# Two Yankees swapped wives 44 years ago. Still married?



## Truthseeker1 (Jul 17, 2013)

Can you imagine swapping your entire family? I do find this quote precious: 

*"He said he’d rather get “the truth” out and do his best to dismiss the common notion that the two families had done something sordid.

“It’s a love story,” he said. “It wasn’t anything dirty.”"*

_______________________________________________

Two New York Yankees swapped wives 44 years ago. Still married?

Joe Capozzi Palm Beach Post Staff Writer 

One of baseball’s biggest blockbuster trades was announced to the world 44 years ago this month at old Fort Lauderdale Stadium — and it involved more than just players.

Fritz Peterson and his close friend, fellow New York Yankees pitcher Mike Kekich, had swapped wives — and children and dogs.

“Actually, it was a husband trade — Mike for me or me for Mike,” Peterson recalled with a laugh in an interview in 2013.

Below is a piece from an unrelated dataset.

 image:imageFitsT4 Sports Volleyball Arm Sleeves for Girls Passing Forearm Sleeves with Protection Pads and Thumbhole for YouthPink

Although it became public in March 1973, the swap actually occurred in the summer of ‘72.

“It just happened. It wasn’t planned,” said Peterson, who won 109 games for the Yankees and pitched in the 1970 All-Star Game.

Peterson said at the time that he preferred to not talk about it. But if people ask, as they often have for the last 44 years, he doesn’t mind answering.

He said he’d rather get “the truth” out and do his best to dismiss the common notion that the two families had done something sordid.

“It’s a love story,” he said. “It wasn’t anything dirty.”

Peterson has been married to Susanne Kekich since 1974.

“I could not be happier with anybody in the world. ‘Mama’ and I go out and party every night,” he said. “We’re still on the honeymoon, and it has been a real blessing.”

Kekich and Marilyn Peterson moved in together in 1972, but they split up a few years later without getting married.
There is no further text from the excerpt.